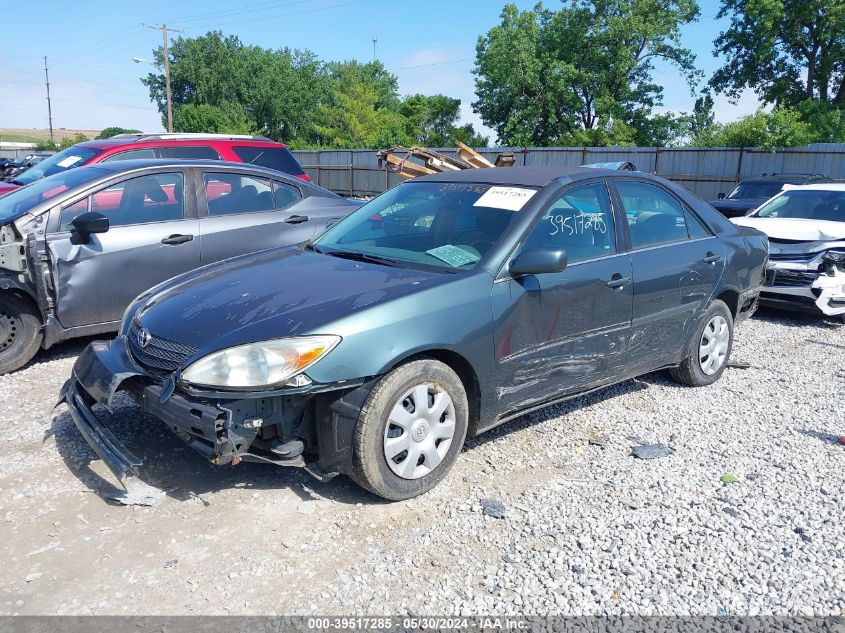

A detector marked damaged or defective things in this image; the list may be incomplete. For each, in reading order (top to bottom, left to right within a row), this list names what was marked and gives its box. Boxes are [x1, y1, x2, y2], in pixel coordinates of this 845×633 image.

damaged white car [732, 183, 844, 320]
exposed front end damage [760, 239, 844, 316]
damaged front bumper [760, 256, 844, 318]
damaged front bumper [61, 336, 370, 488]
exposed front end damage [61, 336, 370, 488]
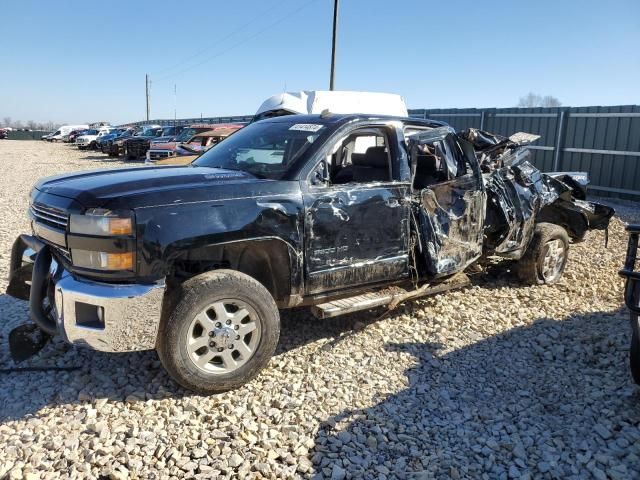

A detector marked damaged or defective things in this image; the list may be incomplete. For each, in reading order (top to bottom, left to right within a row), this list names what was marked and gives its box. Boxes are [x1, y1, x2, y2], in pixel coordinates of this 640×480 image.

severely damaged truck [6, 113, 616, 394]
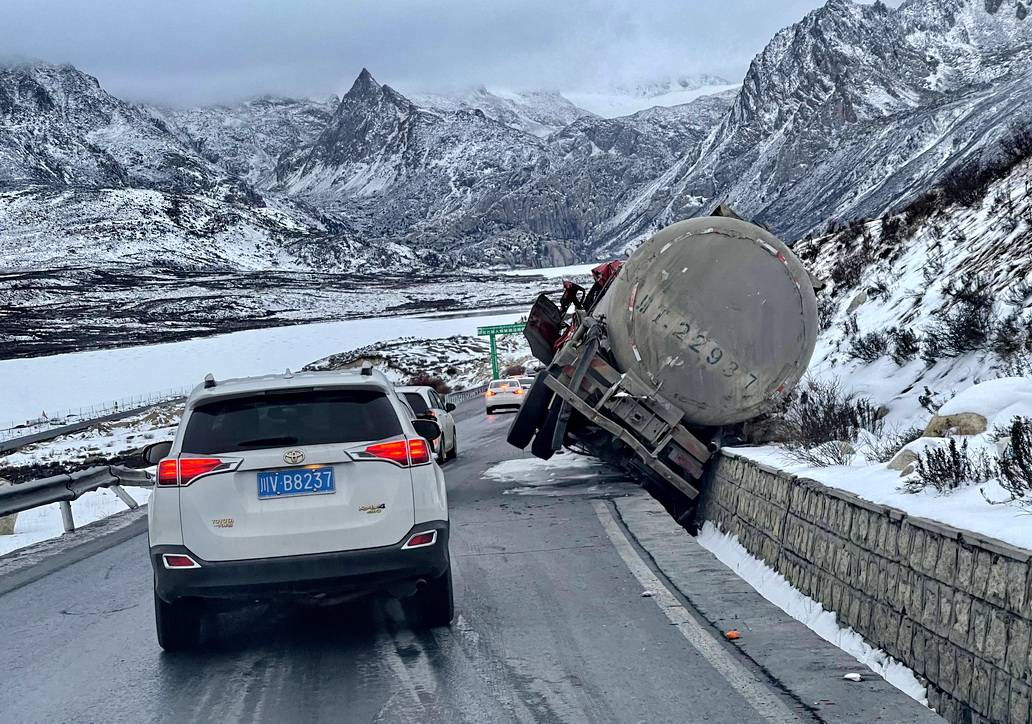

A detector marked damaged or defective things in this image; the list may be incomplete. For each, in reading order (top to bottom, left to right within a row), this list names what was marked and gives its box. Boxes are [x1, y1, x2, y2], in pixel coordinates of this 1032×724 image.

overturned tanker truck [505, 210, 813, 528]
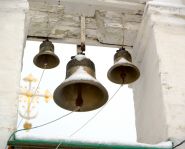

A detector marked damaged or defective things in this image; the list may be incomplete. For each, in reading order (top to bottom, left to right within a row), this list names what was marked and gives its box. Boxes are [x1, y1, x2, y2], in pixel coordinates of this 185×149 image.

━━━━━━━━

* _Task to complete_
Could you print the material above word for word and skip the images?

* _Written response_
A detector marked damaged or defective things in this image; the list may be incomplete. For each, in reading order (top to bottom, left to right within a row), this list names what was marked and gives its box. Boxes are [x1, y1, x2, y2], in pixel coordinates of this 845×633 image.

damaged white car [732, 183, 844, 320]
exposed front end damage [760, 239, 844, 316]
damaged front bumper [760, 256, 844, 318]
damaged front bumper [61, 336, 370, 488]
exposed front end damage [61, 336, 370, 488]

A detector marked damaged or defective things in this image; the list may be incomplete. For each, in reading order (top to bottom, left to right within a row), this list names what was marked and gives its box. Boxes are [x1, y1, x2, y2], in pixel coordinates of this 640×480 image.

severely damaged truck [6, 113, 616, 394]

A detector marked damaged or defective things in this image; the list may be incomplete. For each, in reading order (top to bottom, left to right within a row), this list names what was marked and gives its box. Boxes are [x1, y1, x2, y2], in pixel coordinates of this 1032×724 image.

overturned tanker truck [505, 210, 813, 528]

A detector marked damaged or defective things in this image; the list may be incomplete. For each, in reading order (top to bottom, left to right within a row), this list names what was marked and gives its box. Boxes are [x1, y1, x2, y2], in pixel coordinates of this 185×149 image.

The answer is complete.